Sağlık Bakanlığı’nın açıkladığı günlük Korona raporlarında vaka-hasta ayrımı yapıldığı, pozitif vakaların, “Onlar belirti göstermiyor” denilerek gizlendiği anlaşıldı biliyorsunuz.
Bana kalırsa Bakanlık, “gizleme operasyonu”nu bu noktada bırakmamalı, geliştirmeli, daha iyi bir düzeye çıkarmalı.
İşte sorumlu bir vatandaş olarak ona bazı “tüyolar.”
Örneğin, vefat edenlerin sayısını “Mevta olanlar”, “Rahmete kavuşanlar”, “Son yolculuğa çıkanlar”, “Merhum ve merhume unvanlarını alanlar” diye bölmeli, bunlardan sadece birini günlük raporlarda paylaşmalı.
Bu kadar değil elbette.
“Entübe olanlar”ı da, “Doya doya oksijen solumak isteyenler”, “Uludağ havasını özleyenler”, “Palandöken’in yolunu gözleyenler”, “Erciyes’e çıkmak için bekleyenler” şeklinde bölmeli, içlerinden birini günlük raporlarda yansıtmalı.
Tabii, son derece dikkat edilmesi gereken bir şey var:
Ölü, hasta ve entübe sayılarını düşük göstermeye çalışırken test sayısını yükseltmek gerekiyor.
Bunun için üniversiteye giriş sınavına hazırlanan öğrencilerin bir gün boyunca çözdükleri toplam testler de dikkate alınmalı, raporda mutlaka yer verilmeli.
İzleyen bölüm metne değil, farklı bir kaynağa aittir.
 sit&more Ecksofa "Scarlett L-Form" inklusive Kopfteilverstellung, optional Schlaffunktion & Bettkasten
N’olacak o da test, bu da test!
Hadi bir kere başladık, devam edelim.
Kelime oyunları ve gizleme yöntemiyle bazı gerçekleri örtbas etmek Sağlık Bakanlığı ile sınırlı kalmamalı, diğer bakanlıklara da yayılmalı.
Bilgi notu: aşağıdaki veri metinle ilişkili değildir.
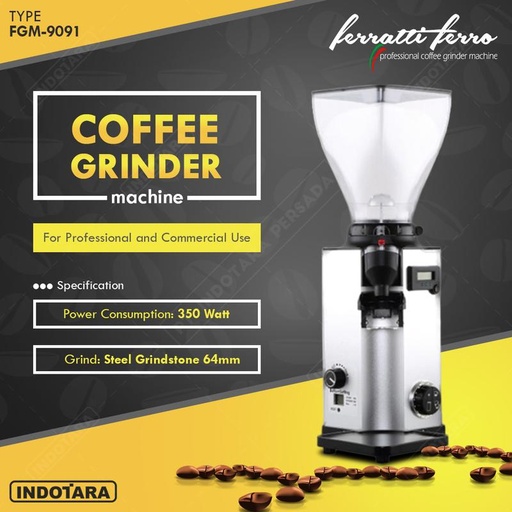 Coffee Grinder Ferratti Ferro Grinder Machine FGM9091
Ekonomiden sorumlu bakanlıklar, enflasyon yerine “Fiyatların mutasyona uğraması” deseler ne olur yani.
Ya da işsizlerin sayısı kayıtlarda “Evde oturmayı tercih edenler” diye geçemez mi?
Şaka bir yana, ciddi ciddi diyeceğim şu:
“Hayat eve sığar” ama doğru olmayan bilgi hiçbir yere sığmaz, eninde sonunda ortaya çıkar.
Hem de o bilgiyi aylardır özenle gizleyen kuruluşun başındaki ismin ağzından kaçırmasıyla…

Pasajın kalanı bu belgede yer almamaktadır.